• [Prompt]: Please give back each line below unchanged; none of the pictures should appear.

• [Recorded data]:
_ _ _

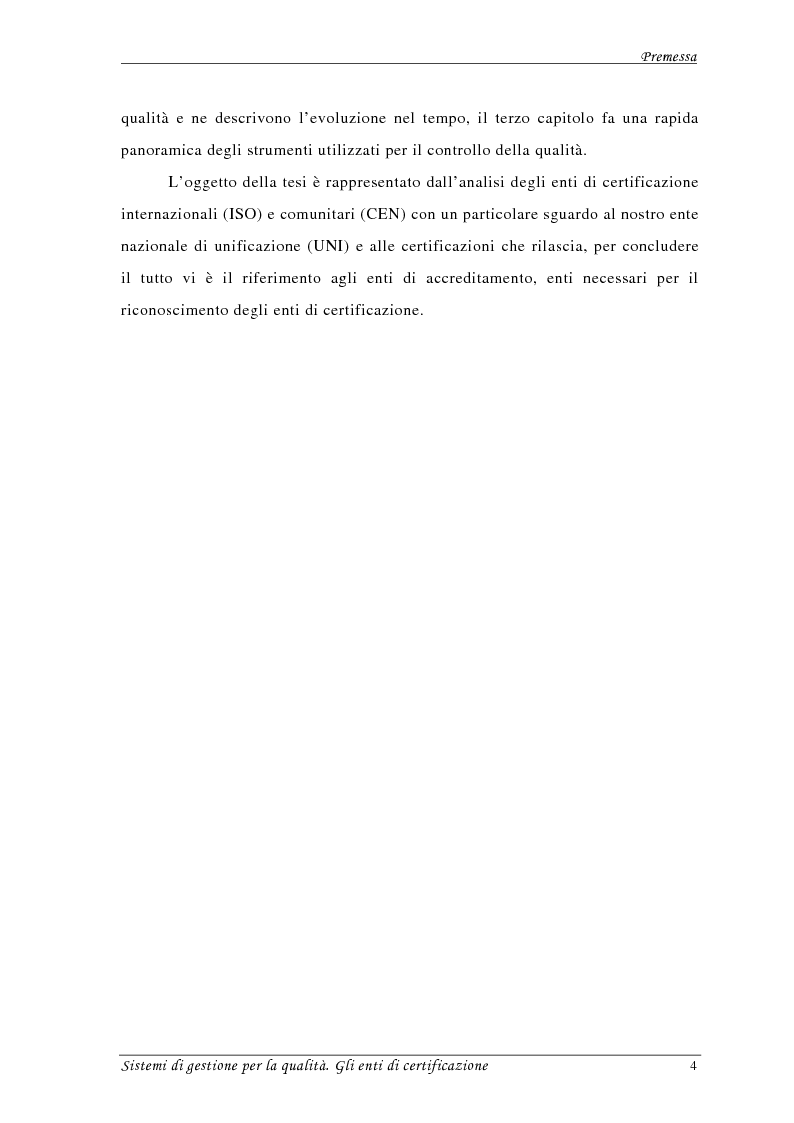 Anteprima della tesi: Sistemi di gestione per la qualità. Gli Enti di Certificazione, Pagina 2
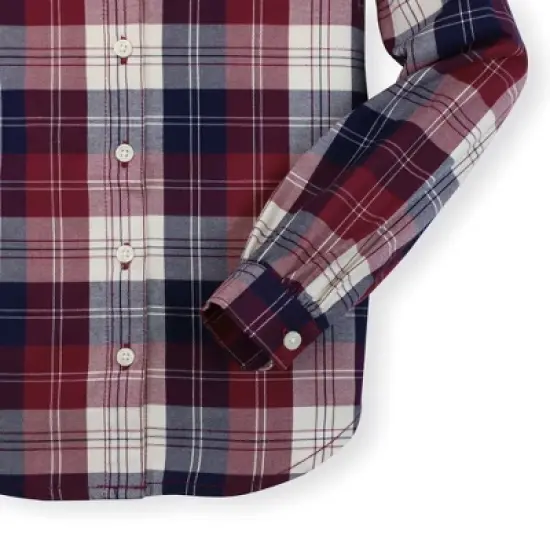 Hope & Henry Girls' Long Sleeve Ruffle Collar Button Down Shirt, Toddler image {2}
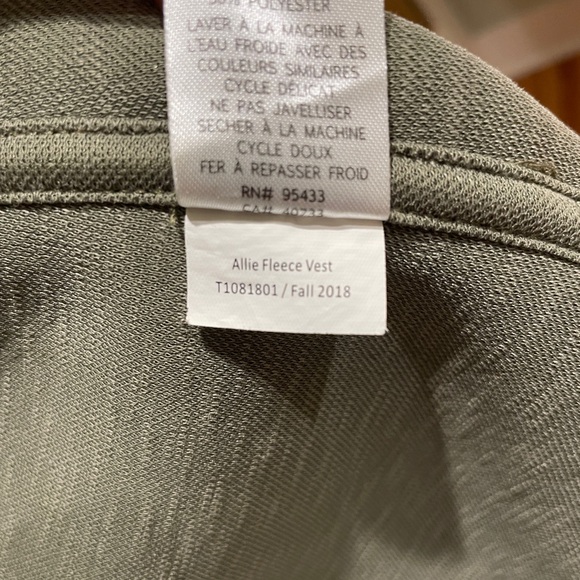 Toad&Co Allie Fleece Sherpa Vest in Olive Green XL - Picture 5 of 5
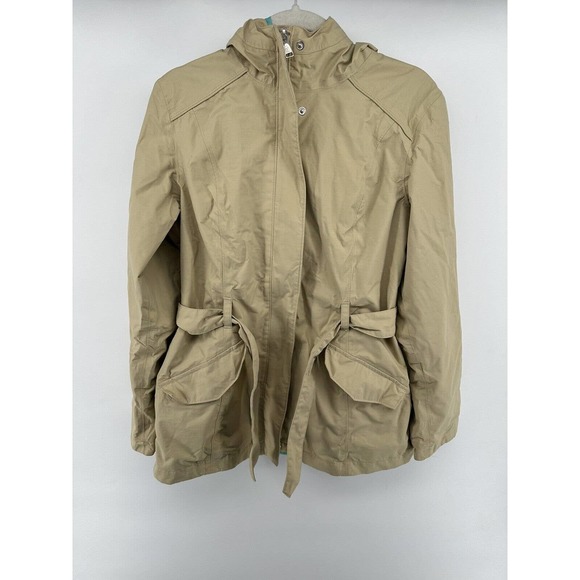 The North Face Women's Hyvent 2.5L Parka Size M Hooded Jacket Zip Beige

_ _ _

• [Answer for this exercise]:
 Anteprima della tesi: Sistemi di gestione per la qualità. Gli Enti di Certificazione, Pagina 2
 Hope & Henry Girls' Long Sleeve Ruffle Collar Button Down Shirt, Toddler image {2}
 Toad&Co Allie Fleece Sherpa Vest in Olive Green XL - Picture 5 of 5
 The North Face Women's Hyvent 2.5L Parka Size M Hooded Jacket Zip Beige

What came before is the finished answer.